- TO DO:
Omitting the pictures, output all of the records precisely as written.
________________________
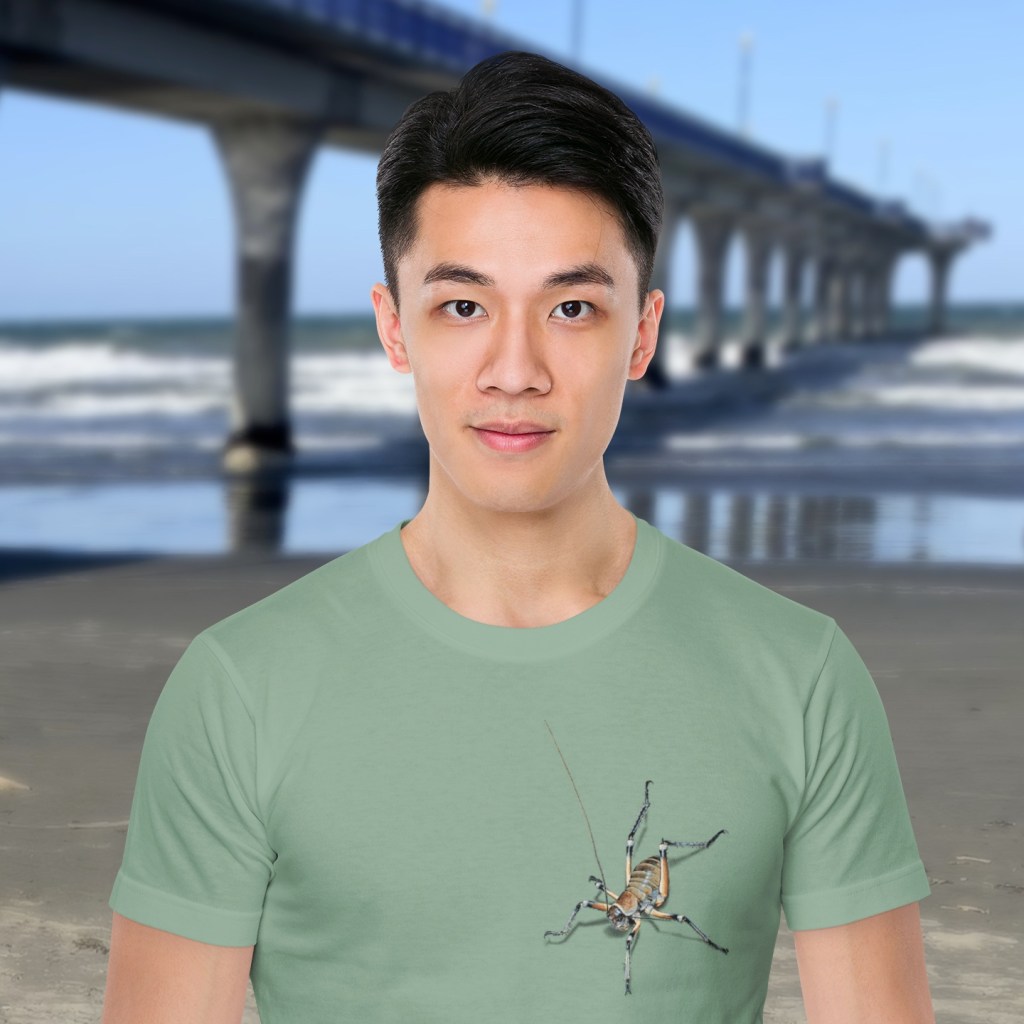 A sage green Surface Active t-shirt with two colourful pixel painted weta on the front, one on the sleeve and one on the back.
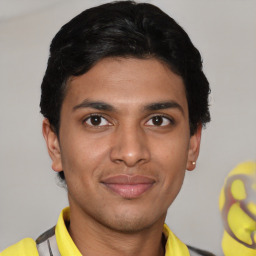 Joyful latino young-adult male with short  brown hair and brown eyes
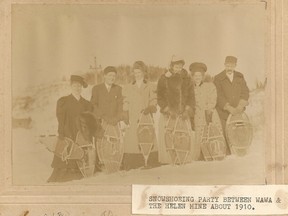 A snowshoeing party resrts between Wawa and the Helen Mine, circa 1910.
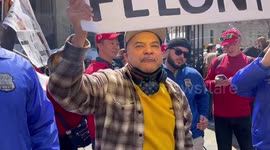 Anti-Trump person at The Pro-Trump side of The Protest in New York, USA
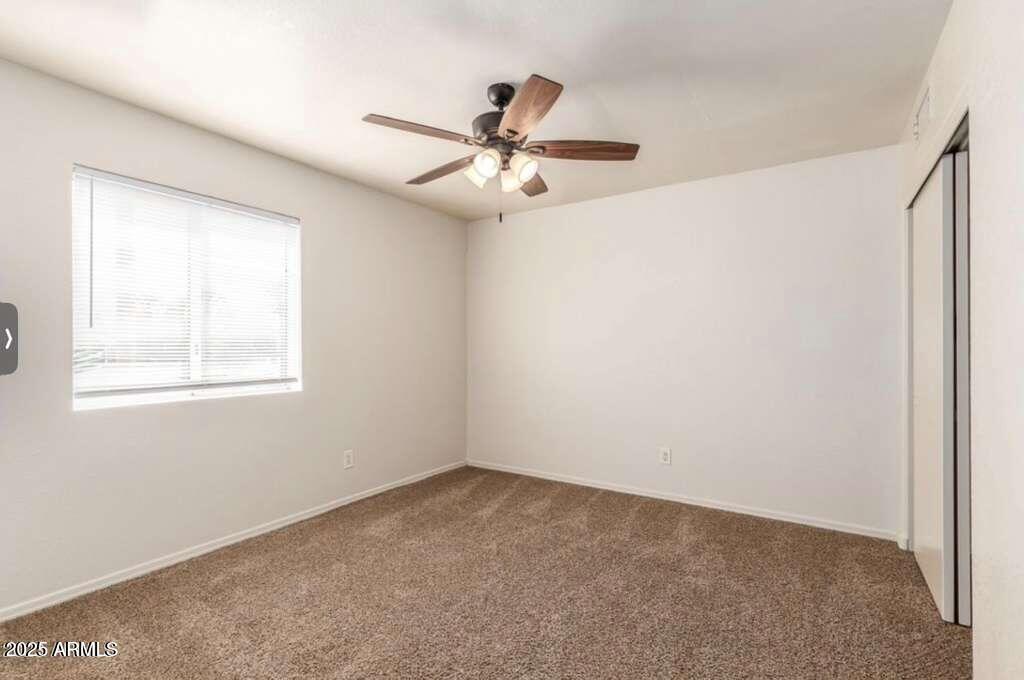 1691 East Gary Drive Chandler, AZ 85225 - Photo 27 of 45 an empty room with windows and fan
________________________
- ANSWER SPACE:
 A sage green Surface Active t-shirt with two colourful pixel painted weta on the front, one on the sleeve and one on the back.
 Joyful latino young-adult male with short  brown hair and brown eyes
 A snowshoeing party resrts between Wawa and the Helen Mine, circa 1910.
 Anti-Trump person at The Pro-Trump side of The Protest in New York, USA
 1691 East Gary Drive Chandler, AZ 85225 - Photo 27 of 45 an empty room with windows and fan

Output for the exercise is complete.